Data for this exercise:
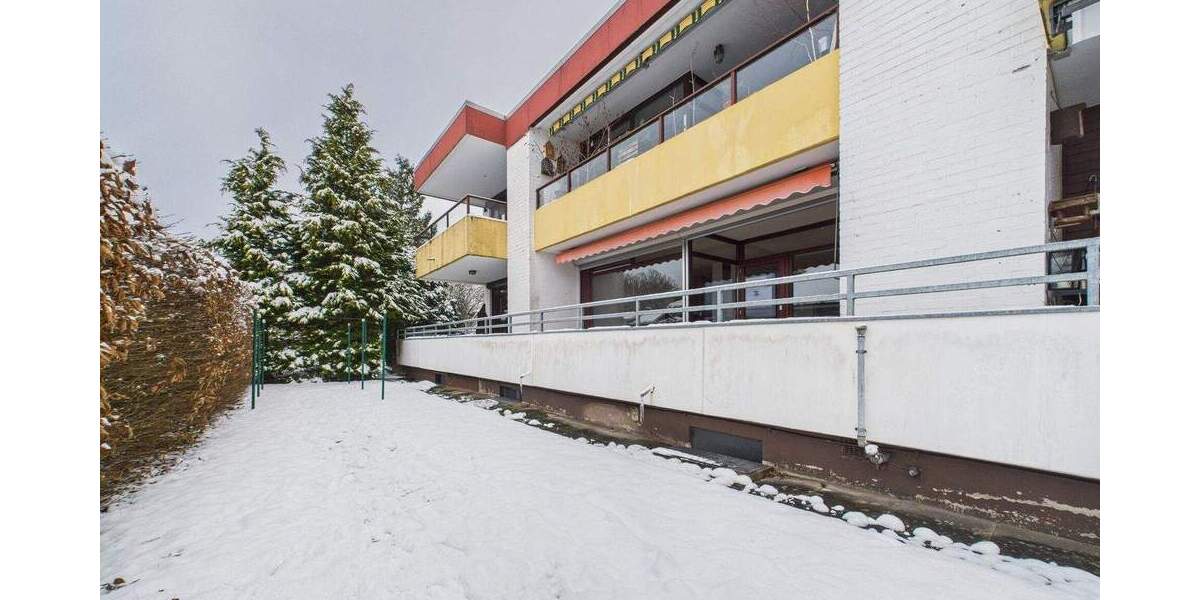 Wohnen Stadtrand Lübeck: Licht, Platz & Komfort in Groß Grönau mit XXL-Balkon & Tiefgarage 3 zimmer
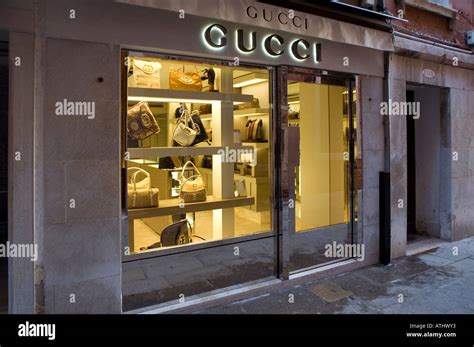 gucci italia vendita online outlet store è un negozio sicuro|gucci int official site.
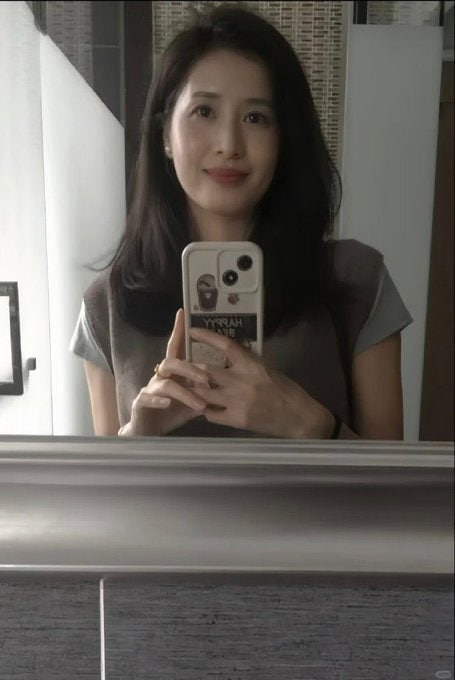 0Game_game0's tweet photo. 50岁了，素颜这样可以吗

实话实话，我不会生气 https://t.co/e96aAhYTNx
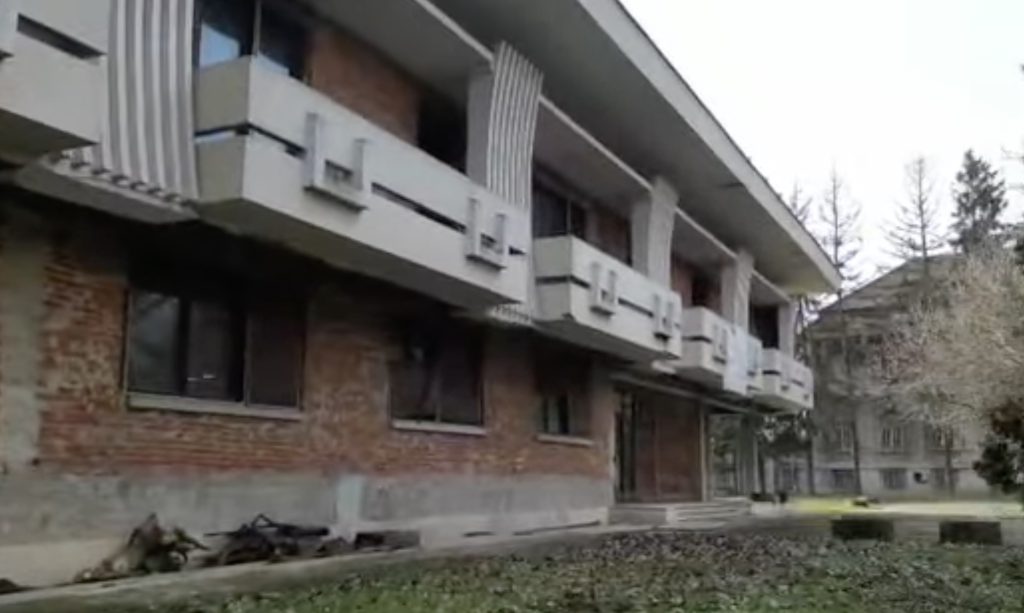 Consilierii județeni din Timiș pregătesc respingerea unei plângeri prealabile care vizează exproprierea unei importante dintre vilele de protocol ale fostului dictator Nicolae Ceaușescu, situată în proximitatea Catedralei Mitropolitane din Timișoara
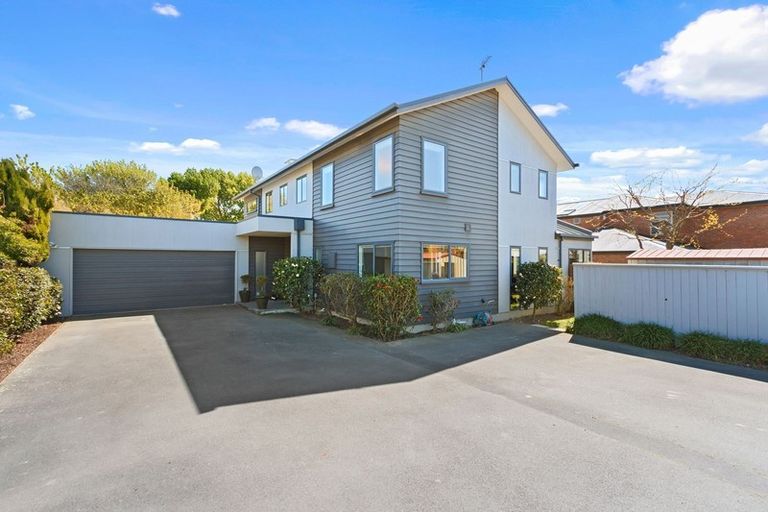 Photo of property in 41a Avonhead Road, Avonhead, Christchurch, 8042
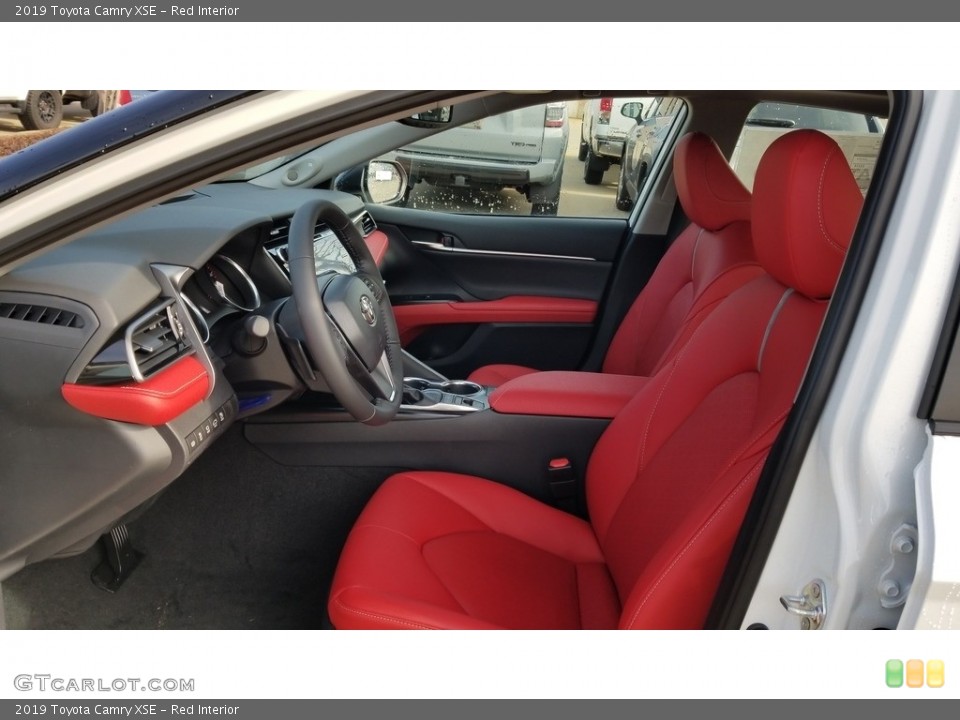 Red Interior Photo for the 2019 Toyota Camry XSE #132042900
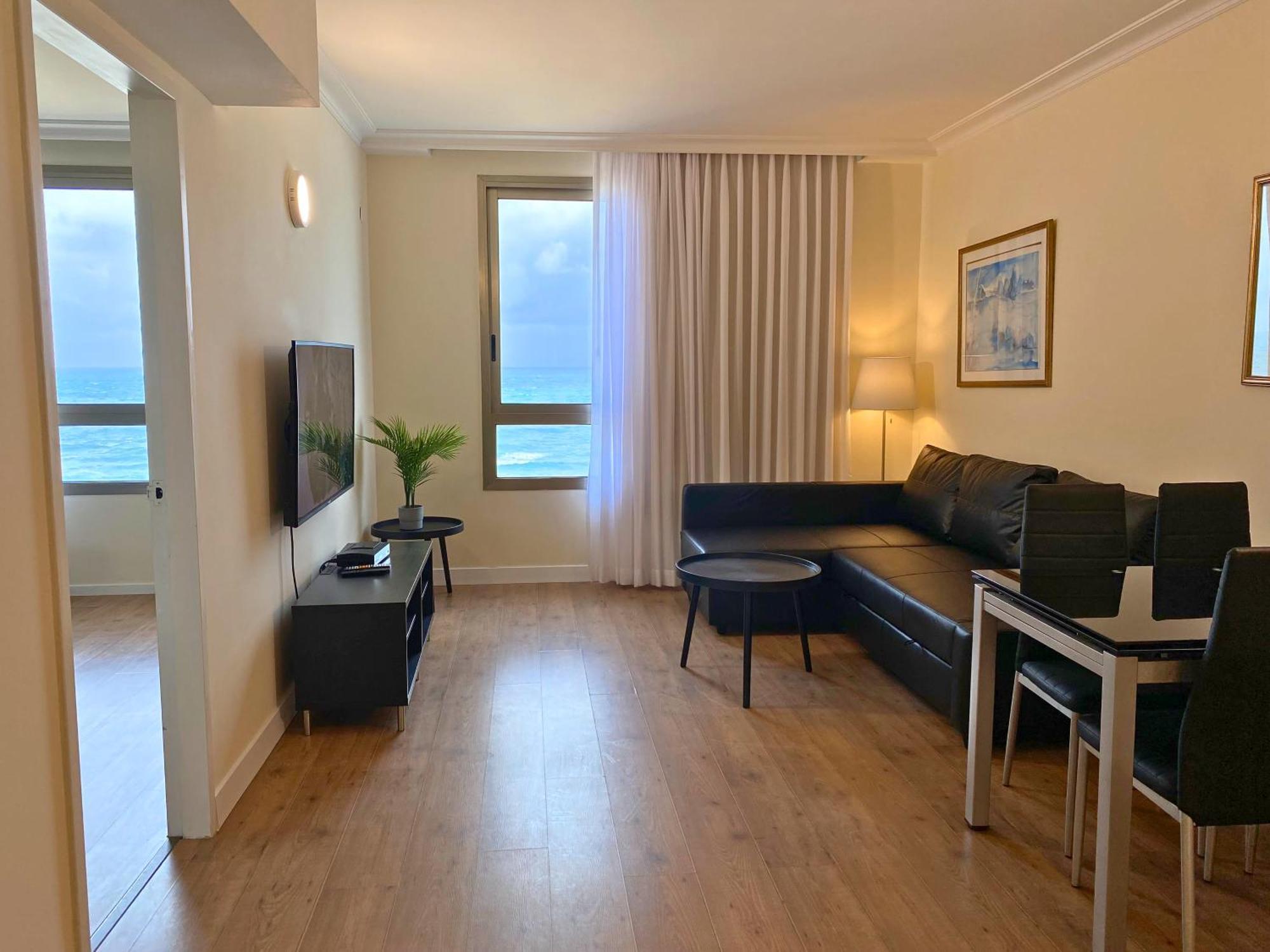 Almog Beach Apartments מגדלי חוף הכרמל חיפה Eksteriør bilde
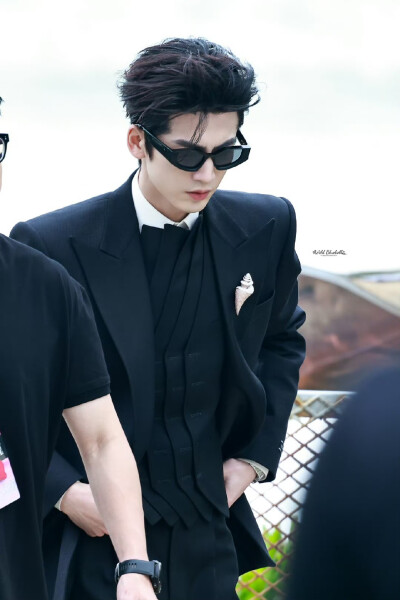 cr.WildBluebell·张凌赫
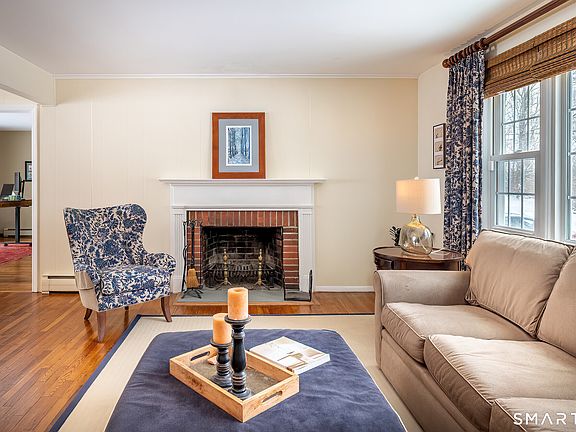 5th image of 35 Highview Drive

What the exercise asks:
Print, exactly and without pictures, the lines from the one holding "Red Interior Photo" through the last line of the entries above, both included.

Task response:
 Red Interior Photo for the 2019 Toyota Camry XSE #132042900
 Almog Beach Apartments מגדלי חוף הכרמל חיפה Eksteriør bilde
 cr.WildBluebell·张凌赫
 5th image of 35 Highview Drive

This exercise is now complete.